All of this is avoidable if you know the game now and do it right the first time.

5 Things Employers Should Do NOW

1. Get your house in order. Start by getting up to speed on the criteria you need to meet. Look at what you have in place, what you don’t, and where the gaps are.

2. Create an action plan. Align your HR and training programmes with INZ criteria as closely as possible. They’re already backlogged and lean heavily on decision-tree thinking, so make it easy for INZ to give you the stamp of approval.

3. Roll programmes out well in advance. Doing so well before you lodge your application will give you a huge head start, allow for amendments, and help establish a credible timeline.
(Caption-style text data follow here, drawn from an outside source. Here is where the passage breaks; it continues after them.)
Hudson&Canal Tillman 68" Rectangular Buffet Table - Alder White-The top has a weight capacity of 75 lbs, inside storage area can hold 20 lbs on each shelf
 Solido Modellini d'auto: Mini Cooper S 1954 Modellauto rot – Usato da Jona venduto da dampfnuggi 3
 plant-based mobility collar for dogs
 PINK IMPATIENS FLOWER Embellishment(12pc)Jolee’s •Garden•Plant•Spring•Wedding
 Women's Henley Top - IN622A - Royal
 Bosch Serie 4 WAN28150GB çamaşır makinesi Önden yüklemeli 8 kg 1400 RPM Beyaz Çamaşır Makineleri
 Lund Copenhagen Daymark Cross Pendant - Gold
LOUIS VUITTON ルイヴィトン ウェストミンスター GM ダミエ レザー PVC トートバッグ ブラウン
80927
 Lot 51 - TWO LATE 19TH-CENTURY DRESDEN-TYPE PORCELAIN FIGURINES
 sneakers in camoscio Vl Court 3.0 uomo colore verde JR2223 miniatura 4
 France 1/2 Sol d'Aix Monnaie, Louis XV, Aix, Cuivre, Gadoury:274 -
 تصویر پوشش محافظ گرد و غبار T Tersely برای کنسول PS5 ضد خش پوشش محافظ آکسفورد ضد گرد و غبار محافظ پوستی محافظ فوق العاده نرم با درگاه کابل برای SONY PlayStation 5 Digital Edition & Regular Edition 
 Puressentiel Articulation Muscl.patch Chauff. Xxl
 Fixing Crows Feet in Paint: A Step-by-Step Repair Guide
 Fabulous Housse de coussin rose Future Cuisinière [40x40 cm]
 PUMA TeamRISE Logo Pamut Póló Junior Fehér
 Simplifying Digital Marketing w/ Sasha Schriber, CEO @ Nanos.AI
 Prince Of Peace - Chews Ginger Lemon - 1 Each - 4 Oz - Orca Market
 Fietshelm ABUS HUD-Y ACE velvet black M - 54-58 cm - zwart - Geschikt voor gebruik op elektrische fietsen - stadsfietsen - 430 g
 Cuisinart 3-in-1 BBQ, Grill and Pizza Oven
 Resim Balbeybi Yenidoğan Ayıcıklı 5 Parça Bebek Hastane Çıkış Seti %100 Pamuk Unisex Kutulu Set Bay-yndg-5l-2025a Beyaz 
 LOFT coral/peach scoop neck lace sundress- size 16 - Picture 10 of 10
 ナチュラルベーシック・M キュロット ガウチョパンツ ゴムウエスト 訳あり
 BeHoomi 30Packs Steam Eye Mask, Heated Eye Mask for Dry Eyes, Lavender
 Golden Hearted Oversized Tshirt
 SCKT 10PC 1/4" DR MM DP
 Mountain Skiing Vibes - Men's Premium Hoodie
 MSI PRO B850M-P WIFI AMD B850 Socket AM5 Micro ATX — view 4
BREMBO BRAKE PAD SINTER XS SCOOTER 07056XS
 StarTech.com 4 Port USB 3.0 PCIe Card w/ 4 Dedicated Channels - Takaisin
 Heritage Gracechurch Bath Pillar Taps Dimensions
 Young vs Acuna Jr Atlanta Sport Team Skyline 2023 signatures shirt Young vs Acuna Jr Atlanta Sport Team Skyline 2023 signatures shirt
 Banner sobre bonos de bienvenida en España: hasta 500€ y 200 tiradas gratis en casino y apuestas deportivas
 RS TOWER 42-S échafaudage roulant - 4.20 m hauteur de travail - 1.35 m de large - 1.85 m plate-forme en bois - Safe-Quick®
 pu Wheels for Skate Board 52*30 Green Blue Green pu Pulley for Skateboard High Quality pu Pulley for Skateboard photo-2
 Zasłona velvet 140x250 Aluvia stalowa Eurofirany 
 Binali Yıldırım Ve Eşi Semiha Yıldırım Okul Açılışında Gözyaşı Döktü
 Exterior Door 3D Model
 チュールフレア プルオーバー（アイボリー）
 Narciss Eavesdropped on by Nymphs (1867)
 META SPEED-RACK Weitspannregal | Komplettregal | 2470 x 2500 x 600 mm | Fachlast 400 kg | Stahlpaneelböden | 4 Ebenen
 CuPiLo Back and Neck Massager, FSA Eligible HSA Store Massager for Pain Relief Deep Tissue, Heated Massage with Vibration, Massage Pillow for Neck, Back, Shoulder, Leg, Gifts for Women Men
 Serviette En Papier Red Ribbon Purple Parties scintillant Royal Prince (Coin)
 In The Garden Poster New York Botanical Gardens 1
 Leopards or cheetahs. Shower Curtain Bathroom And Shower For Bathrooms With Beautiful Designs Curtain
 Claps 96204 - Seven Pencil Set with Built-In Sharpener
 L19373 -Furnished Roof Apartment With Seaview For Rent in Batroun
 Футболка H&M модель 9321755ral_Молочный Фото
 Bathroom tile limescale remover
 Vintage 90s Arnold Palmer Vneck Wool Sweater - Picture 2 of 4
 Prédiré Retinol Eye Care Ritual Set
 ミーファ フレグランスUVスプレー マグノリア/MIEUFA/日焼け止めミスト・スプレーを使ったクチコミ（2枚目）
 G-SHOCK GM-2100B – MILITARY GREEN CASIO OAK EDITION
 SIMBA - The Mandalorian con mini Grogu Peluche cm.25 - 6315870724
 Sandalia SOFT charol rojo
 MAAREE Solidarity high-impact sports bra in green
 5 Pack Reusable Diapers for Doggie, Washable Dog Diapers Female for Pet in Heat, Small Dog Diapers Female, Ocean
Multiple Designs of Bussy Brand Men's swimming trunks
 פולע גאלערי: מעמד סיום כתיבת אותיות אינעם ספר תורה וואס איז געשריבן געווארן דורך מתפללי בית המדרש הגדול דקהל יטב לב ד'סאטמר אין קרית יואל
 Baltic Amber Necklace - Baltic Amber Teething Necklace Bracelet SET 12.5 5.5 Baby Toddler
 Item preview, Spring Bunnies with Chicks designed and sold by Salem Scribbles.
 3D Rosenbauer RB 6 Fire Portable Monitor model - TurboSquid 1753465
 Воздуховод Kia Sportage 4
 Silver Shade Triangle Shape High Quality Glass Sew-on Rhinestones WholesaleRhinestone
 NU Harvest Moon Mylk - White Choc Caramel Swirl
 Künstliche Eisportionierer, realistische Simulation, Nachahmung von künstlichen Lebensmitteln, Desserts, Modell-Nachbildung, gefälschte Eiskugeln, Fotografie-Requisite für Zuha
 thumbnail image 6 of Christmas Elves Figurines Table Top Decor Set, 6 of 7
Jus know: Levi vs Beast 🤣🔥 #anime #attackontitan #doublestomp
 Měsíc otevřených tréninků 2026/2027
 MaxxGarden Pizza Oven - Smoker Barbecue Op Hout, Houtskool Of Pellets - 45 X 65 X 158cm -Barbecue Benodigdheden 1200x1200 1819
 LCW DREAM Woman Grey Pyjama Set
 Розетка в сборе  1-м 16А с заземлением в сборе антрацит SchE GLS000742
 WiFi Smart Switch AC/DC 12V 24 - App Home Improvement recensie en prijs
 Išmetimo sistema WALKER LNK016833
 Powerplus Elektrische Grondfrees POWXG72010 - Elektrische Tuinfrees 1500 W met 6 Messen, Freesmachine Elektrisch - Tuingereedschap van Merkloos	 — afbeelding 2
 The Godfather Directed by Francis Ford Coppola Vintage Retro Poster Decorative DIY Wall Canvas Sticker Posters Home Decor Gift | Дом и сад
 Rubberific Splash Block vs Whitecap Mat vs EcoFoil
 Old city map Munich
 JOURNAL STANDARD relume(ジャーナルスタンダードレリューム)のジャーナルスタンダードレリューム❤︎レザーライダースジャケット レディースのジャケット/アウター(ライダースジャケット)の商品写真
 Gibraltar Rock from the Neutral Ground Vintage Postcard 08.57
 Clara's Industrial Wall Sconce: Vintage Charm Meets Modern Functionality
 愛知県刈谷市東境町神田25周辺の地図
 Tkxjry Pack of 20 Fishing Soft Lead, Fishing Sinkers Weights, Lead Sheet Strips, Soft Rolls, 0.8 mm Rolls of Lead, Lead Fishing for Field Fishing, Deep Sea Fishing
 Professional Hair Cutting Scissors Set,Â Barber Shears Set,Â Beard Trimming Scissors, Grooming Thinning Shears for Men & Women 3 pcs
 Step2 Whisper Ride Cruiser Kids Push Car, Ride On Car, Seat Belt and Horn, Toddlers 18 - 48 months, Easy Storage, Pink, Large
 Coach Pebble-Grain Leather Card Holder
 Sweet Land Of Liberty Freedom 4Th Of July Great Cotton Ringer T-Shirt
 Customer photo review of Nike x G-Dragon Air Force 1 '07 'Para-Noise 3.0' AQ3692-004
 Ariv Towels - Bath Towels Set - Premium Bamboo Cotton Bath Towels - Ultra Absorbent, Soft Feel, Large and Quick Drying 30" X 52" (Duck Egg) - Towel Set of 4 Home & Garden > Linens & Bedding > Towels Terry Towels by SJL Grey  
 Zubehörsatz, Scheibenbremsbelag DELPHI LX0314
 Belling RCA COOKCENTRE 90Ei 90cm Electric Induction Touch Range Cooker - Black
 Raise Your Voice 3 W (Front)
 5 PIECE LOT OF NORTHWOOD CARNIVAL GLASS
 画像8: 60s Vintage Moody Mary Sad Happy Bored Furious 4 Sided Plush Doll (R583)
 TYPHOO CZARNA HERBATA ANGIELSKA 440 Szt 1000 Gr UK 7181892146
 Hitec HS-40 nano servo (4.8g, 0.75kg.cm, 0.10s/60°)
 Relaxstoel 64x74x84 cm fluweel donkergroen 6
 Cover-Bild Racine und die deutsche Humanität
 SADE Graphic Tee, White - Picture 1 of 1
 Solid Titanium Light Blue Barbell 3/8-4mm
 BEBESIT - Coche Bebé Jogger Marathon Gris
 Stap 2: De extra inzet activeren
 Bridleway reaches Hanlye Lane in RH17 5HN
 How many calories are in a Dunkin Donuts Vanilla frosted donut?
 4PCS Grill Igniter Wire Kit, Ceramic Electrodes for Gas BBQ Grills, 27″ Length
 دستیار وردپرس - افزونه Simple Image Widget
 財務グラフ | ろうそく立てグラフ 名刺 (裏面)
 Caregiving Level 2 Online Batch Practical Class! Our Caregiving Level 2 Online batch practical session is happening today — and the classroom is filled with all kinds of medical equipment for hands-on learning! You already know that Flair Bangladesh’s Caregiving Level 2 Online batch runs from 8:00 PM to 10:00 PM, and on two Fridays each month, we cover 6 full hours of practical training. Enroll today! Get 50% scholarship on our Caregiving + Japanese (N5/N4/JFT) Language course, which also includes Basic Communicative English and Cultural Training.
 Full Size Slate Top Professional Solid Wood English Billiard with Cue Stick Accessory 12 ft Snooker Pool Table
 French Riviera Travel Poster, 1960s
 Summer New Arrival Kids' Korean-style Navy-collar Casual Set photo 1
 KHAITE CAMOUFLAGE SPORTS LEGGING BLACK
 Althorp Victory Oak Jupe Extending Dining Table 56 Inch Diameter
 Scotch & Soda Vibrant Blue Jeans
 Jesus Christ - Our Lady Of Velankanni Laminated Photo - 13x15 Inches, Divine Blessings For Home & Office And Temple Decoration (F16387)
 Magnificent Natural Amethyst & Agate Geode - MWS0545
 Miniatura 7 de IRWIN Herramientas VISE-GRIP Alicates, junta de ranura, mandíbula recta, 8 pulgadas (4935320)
Once again, the longer your policies have been in play, the more evidence you’ll have and the stronger your case will be.

4. Don’t leave it too late! Businesses applying under the old regime have been told to expect a turnaround of 8 to 12 weeks. From our experience, it can take 4 weeks just your application to land on an officer’s desk! And processing times are likely to become even longer as applications flood in under the new system in mid 2022. Many a New Zealand employer will be looking to renew work visas for existing staff so as not to disrupt future hiring plans.

5. Seek professional advice. Get an assessment of your current situation. You need an expert on the ins and outs of ever-changing immigration law who can advise you on exactly what you need to do to get your accreditation application over the line.

In the meantime, use the new work visa rules for your existing employees, as they offer them many benefits. Although these rules expire on 30 June 2022, they allow existing employees to get a two or three-year work visa fairly easily.

If you need only to renew work visas but don't employ any more foreign nationals after accreditation becomes mandatory, you can buy yourself time before you opt into the accreditation regime.